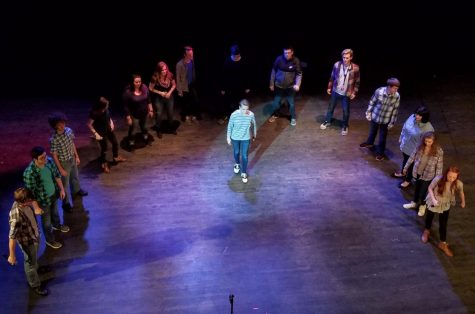 Peformers stand in a semicircle around a soloist onstage.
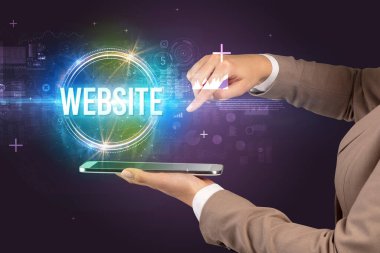 WEBSITE yazıtlı bir dokunmatik ekran, yeni teknoloji konsepti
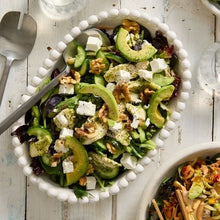 Load image into Gallery viewer, Green salad with avocados, cucumbers, and feta cheese in a white bowl on a wooden surface.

+ + + +

▶ _Work required_: Retype the data word for word and keep the pictures out of it.

▶ _Result_:
 Peformers stand in a semicircle around a soloist onstage.
 WEBSITE yazıtlı bir dokunmatik ekran, yeni teknoloji konsepti
 Load image into Gallery viewer, Green salad with avocados, cucumbers, and feta cheese in a white bowl on a wooden surface.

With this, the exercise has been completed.